FAQs: Single equality scheme

SAVE ITEM

22 / 1 / 2009

What are the differences between the general duties as required under Race, Disability and Gender legislation?

If I were to produce a single equality scheme what are some of the things that I need to consider and include?

Are other public sector authorities going down a single equality scheme approach?


What are the differences between the general duties as required under Race, Disability and Gender legislation?

General duties are specified under race, disability and gender legislation.  There are similarities but also differences between these duties.

Race Legislation

The Race Relations (Amendment) Act 2000 requires public authorities to:

  • Eliminate unlawful discrimination.
  • Promote equality of opportunity.
  • Promote good relations between persons of differential racial groups.


Disability Legislation

The Disability Discrimination Act 2005 introduces a Disability Equality Duty which requires public authorities to:

  • Promote equality of opportunity between disabled people and other people.
  • Eliminate discrimination that is unlawful under the DDA.
  • Eliminate harassment of disabled people that is related to their disability.
  • Promote positive attitudes towards disabled people.
  • ncourage participation by disabled people in public life.
  • Take steps to meet disabled people’s needs, even if this requires more favourable treatment.

Gender Legislation

The Equality Act 2006 amends the Sex Discrimination Act 1975 to place a general duty on public authorities to:

  • Eliminate unlawful discrimination and harassment.
  • Promote equality of opportunity between men and women.

Mechanisms for successful compliance with the general duties include:

  • Accountability and leadership.
  • Mainstreaming the duty into core functions.
  • Ensuring implementation.
  • Staff expertise and training.

If I were to produce a single equality scheme what are some of the things that I need to consider and include?
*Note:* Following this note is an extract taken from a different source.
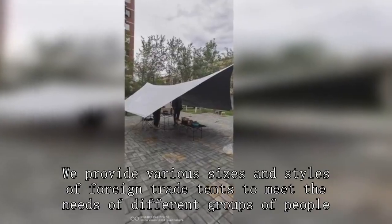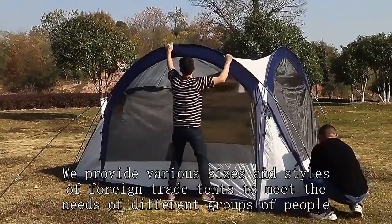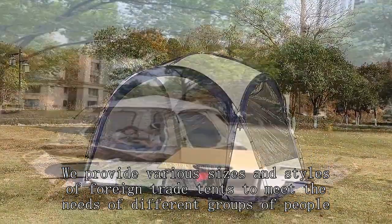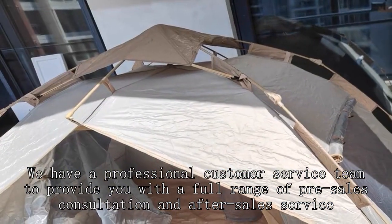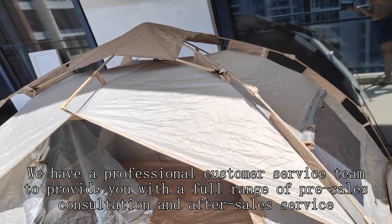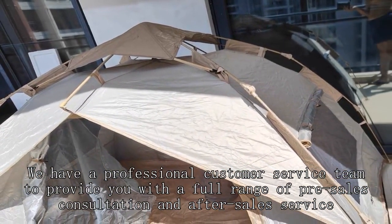We provide various sizes and styles of foreign trade tents to meet the needs of different groups of people. We have a professional customer service team to provide you with a full range of pre-sales consultation and after-sales service, so that you have no worries.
There is no fixed format or style for producing single equality schemes. Effective schemes will include a number of areas to ensure effectiveness. This may include:

  • Commitment from senior leaders
  • Links to business plans and the strategic priorities of the organisation.
  • Arrangements for gathering information and analysis
  • Identification of common areas / activities
  • Arrangements for involvement and consultation

Responsibilities and accountability for the implementation of the scheme.
Development of action plans:

  • Identification of individuals with responsibilities
  • Measurable and time bound indicators of progress
  • Allocation of specific budgets
  • How impact assessments will be incorporated into the authority’s decision making process
  • How this will be incorporated into procurement and partnership arrangements
  • Arrangements for monitoring and reviewing their schemes
  • Authorities will need to ensure that their annual reporting processes are distinct and clearly identify progress towards each of the diversity strands and meeting the duties of the individual pieces of legislation.
     

Are other public sector authorities going down a single equality scheme approach?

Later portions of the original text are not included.